Exposure of the brain to cadmium ions (Cd²⁺) is believed to lead to neurological disorders of the central nervous system (CNS). In this study, we tested the hypothesis that astrocytes, the major CNS-supporting cells, are resistant to Cd²⁺-induced injury compared with cortical neurons and microglia (CNS macrophages).
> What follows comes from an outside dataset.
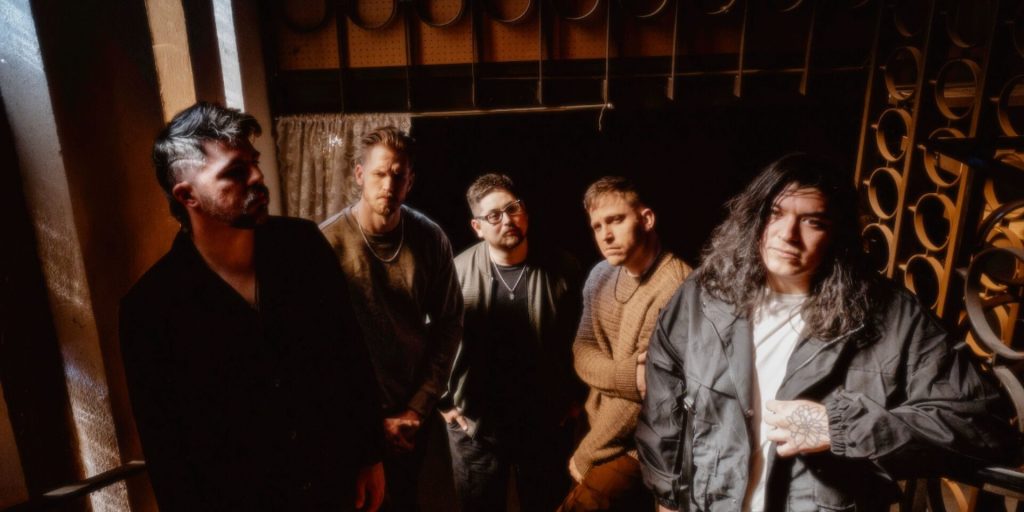 Archetypes Collide Drop Lyric Video For New Single “The&nbsp;Problem”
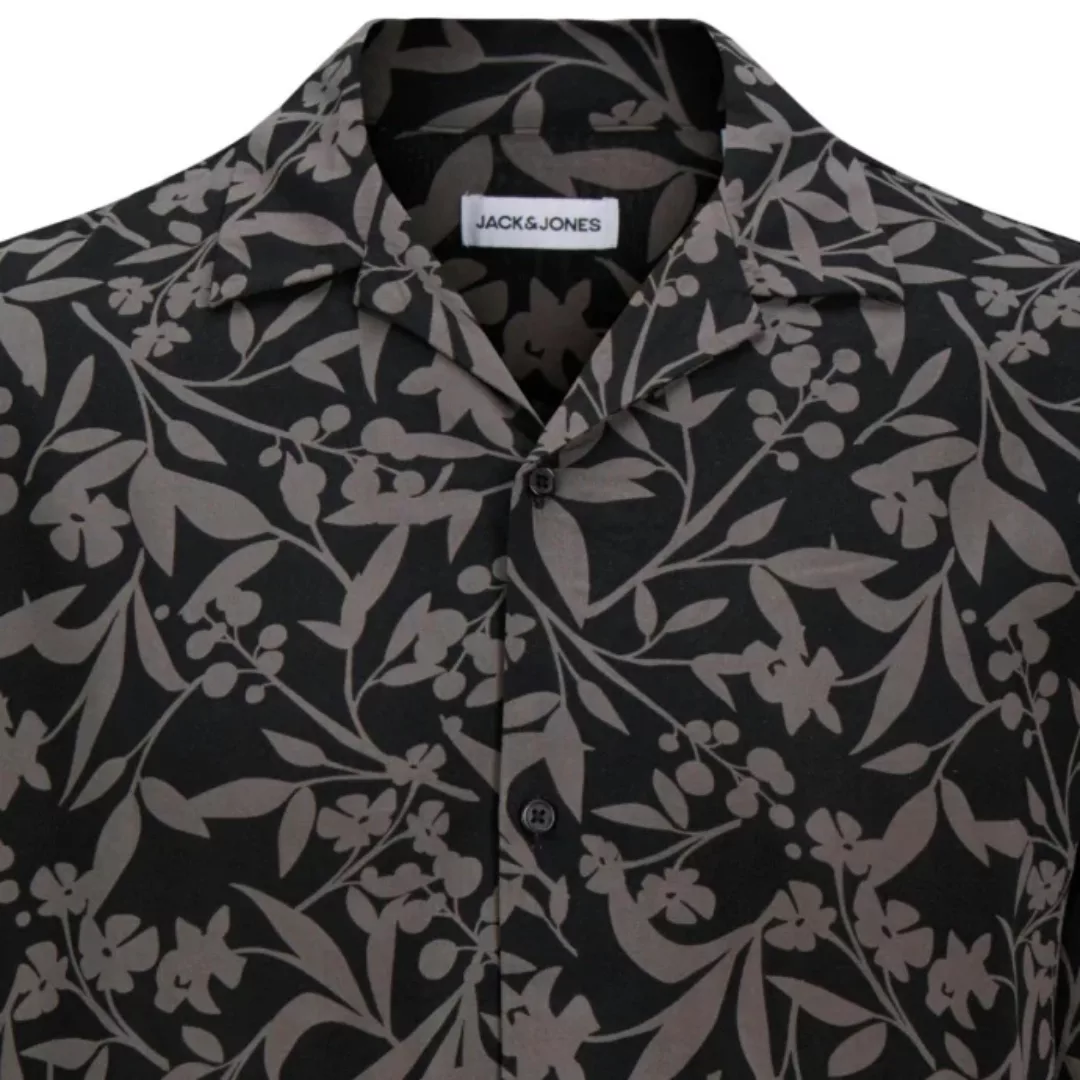 Jack&Jones Freizeithemd aus Viskose günstig online kaufen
However, treatment with CdCl₂ for 24 h at concentrations higher than 20 µM substantially induced astrocytic cytotoxicity, which also resulted from long-term exposure to 5 µM of CdCl₂. Intracellular calcium levels were found to rapidly increase after the addition of CdCl₂ into astrocytes, which led to a rise in reactive oxygen species (ROS) and to mitochondrial impairment. In accordance, preexposure to the extracellular calcium chelator EGTA effectively reduced ROS production and increased survival of Cd²⁺-treated astrocytes. Adenovirus-mediated transfer of superoxide dismutase (SOD) or glutathione peroxidase (GPx) genes increased survival of Cd²⁺-exposed astrocytes. In addition, increased ROS generation and astrocytic cell death due to Cd²⁺ exposure was inhibited when astrocytes were treated with the polyphenolic compound ellagic acid (EA). Taken together, Cd²⁺-induced astrocytic cell death resulted from disrupted calcium homeostasis and an increase in ROS. Moreover, our findings demonstrate that enhancement of the activity of intracellular antioxidant enzymes and supplementation with a phenolic compound, a natural antioxidant, improves survival of Cd²⁺-primed astrocytes. This information provides a useful approach for treating Cd²⁺-induced CNS neurological disorders. J. Cell. Biochem. 103: 825–834, 2008.